The question is: Will training keep up with this new challenge? When I visited Fort Knox, the American Army's armor center, two years ago, I heard repeatedly that training had become so advanced that it had evolved into combat without the casualties. Reaching that level of fidelity with system administration will be just as necessary . . .and orders of magnitude more difficult.
Editor's note: Find out more about Thomas Barnett and The Pentagon's New Map at /
COMMENTARY: Very briefly, I think Slear does a better job than anybody to date capturing the sense of what it's like to be briefed by me. He also does a good job of describing my fine line between being overbearing and just engaging enough. Does he go too far in making me seem the anti-military stereotype? Sure, but that's just the tendency to confuse the actor with the act. Since he doesn't know me personally, he goes off the briefing completely. And there, his tendency to sort of get his quotes right is a bit annoying, but that's the price I pay for my high bit-rate of transmission. Overall, I'm very happy with this piece and think Slear did a great job, even as I don't like or agree with everything he said. In reality, I get along with military folks far better than he imagines. I and my family have lived and worked among military families for 15 years. To be honest, I like them better than the local civiliansóby a ways.

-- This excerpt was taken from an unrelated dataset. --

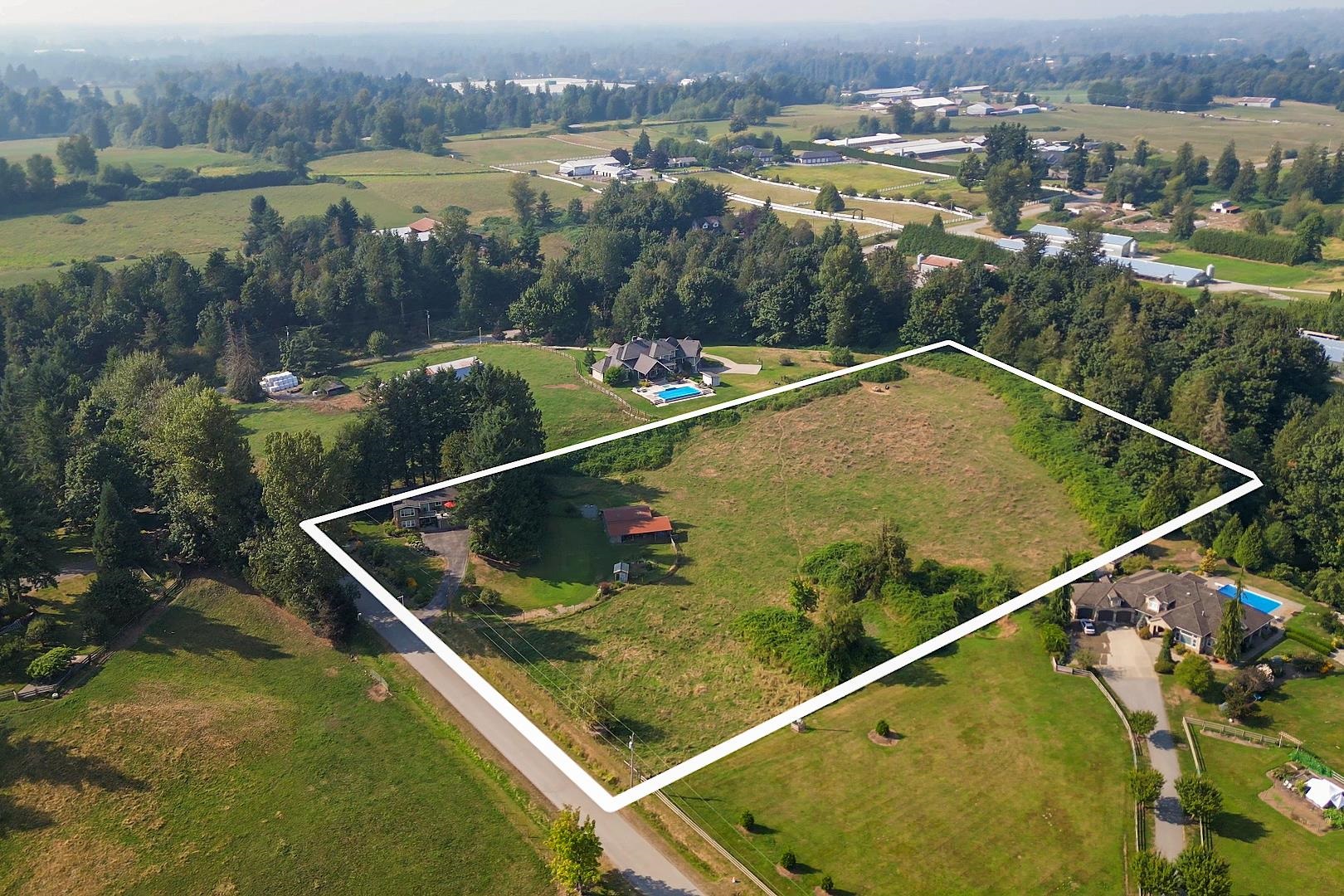 29665 Glengarry Avenue, Abbotsford, BC V4X 1Z7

One final point: the picture of me talking in front of military officers is not from the July brief that Slear attended. I can tell because I'm wearing the tweed jacket that I wore for my author's photo (the same one that found it's way into the Wall Street Journal's dimpled image of me that's all over this site). I junked all my old suits when I got the check from my second Esquire, as my wife told me to update my wardrobe or else. The picture was actually taken in the spring during a student conference here at the Naval War College. The public affairs people just shot a bunch of pictures of me to have in advance so that when the press asked for them, they'd have some good ones.